§ THE PROBLEM: Should a picture appear anywhere in the data, omit it and copy everything else exactly.

§ INFORMATION PROVIDED:
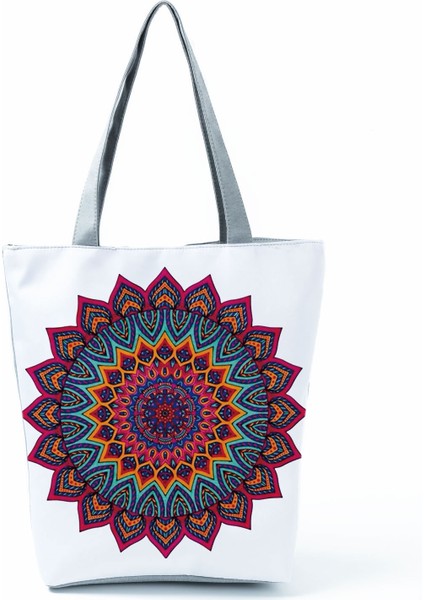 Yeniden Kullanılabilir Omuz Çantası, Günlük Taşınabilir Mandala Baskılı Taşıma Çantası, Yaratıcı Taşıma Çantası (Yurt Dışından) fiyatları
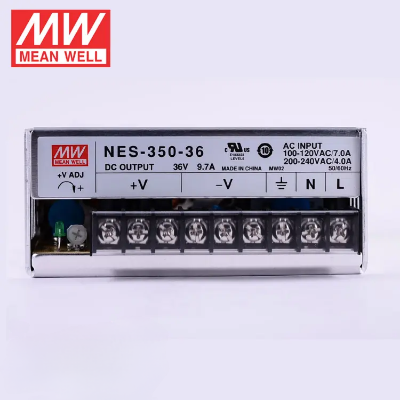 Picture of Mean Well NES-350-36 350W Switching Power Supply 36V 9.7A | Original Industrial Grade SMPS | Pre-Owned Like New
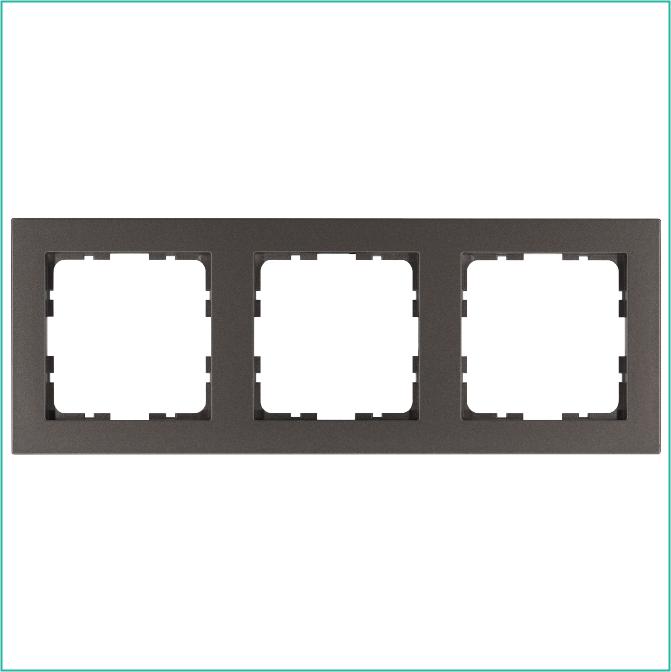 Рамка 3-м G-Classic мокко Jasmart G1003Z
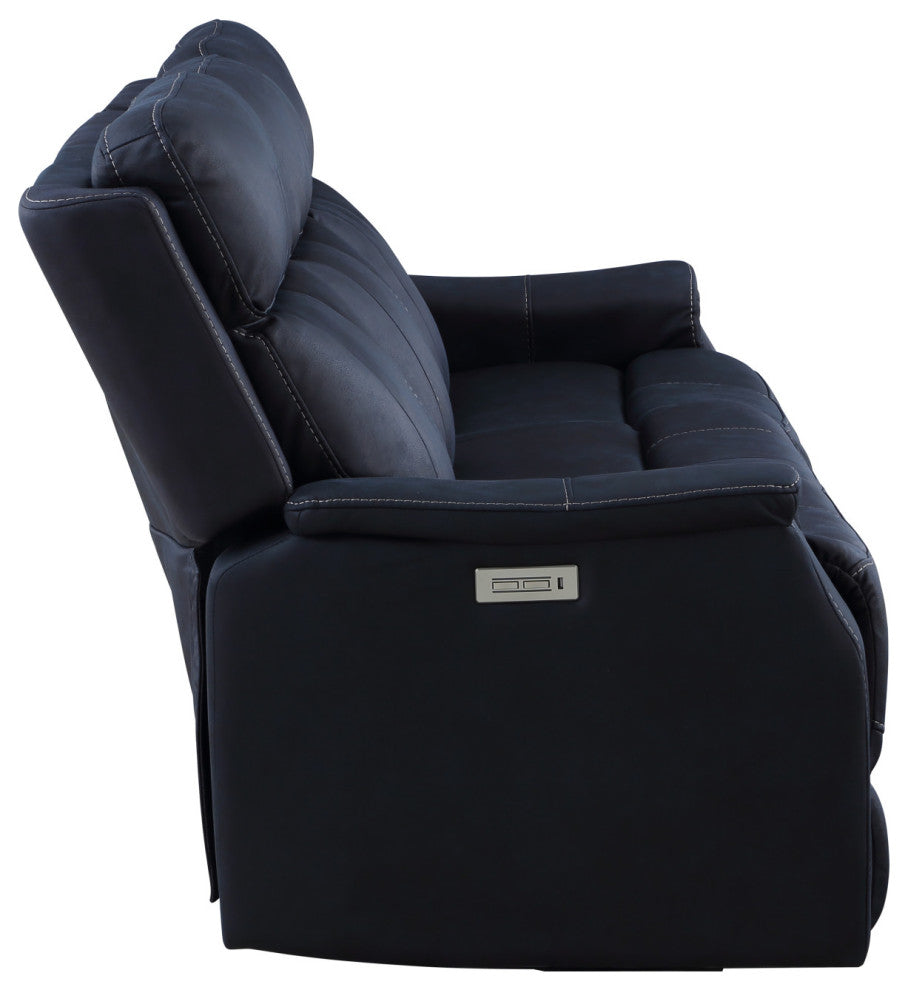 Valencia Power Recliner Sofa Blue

§ THE COMPLETED TASK:
 Yeniden Kullanılabilir Omuz Çantası, Günlük Taşınabilir Mandala Baskılı Taşıma Çantası, Yaratıcı Taşıma Çantası (Yurt Dışından) fiyatları
 Picture of Mean Well NES-350-36 350W Switching Power Supply 36V 9.7A | Original Industrial Grade SMPS | Pre-Owned Like New
 Рамка 3-м G-Classic мокко Jasmart G1003Z
 Valencia Power Recliner Sofa Blue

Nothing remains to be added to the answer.